Proteomics has the incredible potential to reveal the mechanisms underlying biology. In doing so, it may provide the raw materials needed to develop the next generation of more effective biomarkers, diagnostics, and drug targets. In short, proteomics can revolutionize biomedicine.
However, without the help of AI, achieving these aims will be slow-going. In this blog series, we discuss:
- Why proteomics needs AI, and why we need better proteomic data to train models of biology
- How Nautilus data is designed to be well-suited for AI integration
- How AI-ready data may improve multiomic analyses
Today’s post covers how Nautilus data is designed to be well-suited for AI integration
Learn more about AI and biotech on the Translating Proteomics podcast.

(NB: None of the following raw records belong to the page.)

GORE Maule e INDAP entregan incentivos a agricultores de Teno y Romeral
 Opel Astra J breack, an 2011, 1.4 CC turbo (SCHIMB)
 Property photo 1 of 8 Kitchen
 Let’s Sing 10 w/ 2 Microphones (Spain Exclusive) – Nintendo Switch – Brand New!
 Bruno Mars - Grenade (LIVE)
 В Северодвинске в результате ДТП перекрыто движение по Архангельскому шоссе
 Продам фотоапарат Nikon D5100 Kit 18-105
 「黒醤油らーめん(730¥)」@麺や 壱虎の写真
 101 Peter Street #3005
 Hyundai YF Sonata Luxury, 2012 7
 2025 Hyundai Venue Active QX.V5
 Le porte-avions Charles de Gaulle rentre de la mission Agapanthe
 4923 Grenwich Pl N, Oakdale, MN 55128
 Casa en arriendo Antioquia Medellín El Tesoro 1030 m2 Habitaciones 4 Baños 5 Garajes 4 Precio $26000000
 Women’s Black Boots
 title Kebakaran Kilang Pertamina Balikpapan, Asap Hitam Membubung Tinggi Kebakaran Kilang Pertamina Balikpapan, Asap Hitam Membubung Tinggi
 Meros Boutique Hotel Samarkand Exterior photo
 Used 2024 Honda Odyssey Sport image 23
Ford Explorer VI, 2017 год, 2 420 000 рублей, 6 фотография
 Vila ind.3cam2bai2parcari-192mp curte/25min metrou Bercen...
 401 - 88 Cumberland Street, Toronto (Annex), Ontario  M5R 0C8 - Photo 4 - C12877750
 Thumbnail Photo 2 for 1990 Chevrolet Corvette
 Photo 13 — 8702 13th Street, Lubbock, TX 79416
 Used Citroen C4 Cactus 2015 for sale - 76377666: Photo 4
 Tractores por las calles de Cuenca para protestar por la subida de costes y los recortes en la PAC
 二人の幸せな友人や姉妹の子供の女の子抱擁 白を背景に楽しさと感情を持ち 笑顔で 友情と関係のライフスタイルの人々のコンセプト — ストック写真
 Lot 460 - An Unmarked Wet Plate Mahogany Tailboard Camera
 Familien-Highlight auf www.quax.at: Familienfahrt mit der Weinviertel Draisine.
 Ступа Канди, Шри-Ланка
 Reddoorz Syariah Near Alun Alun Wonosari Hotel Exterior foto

High quality, single-molecule protein counts
At Nautilus, we are developing a next-generation proteomics platform, and our core Iterative Mapping method provides direct measurements of single protein molecules. In every cycle of Iterative Mapping, we reveal more information about every molecule in the proteome. We do this by recording whether probes designed to target protein features bind to each of billions of protein molecules immobilized on our massive protein arrays. While these binding interactions are themselves stochastic, repeated cycles build up lists of likely features contained within each protein molecule. Iterative Mapping thereby provides a uniquely information-rich means to define every protein in the proteome at the single-molecule level. Single molecules defined as the same entity by Iterative Mapping can then be summed, and a simple readout of single-molecule counts provided for each distinct entity. In this way, Iterative Mapping provides direct measurements of the protein molecules that control biology. This is exactly what we believe is needed to train accurate models of biology – high quality, detailed, direct, and simple measurements of single protein molecules.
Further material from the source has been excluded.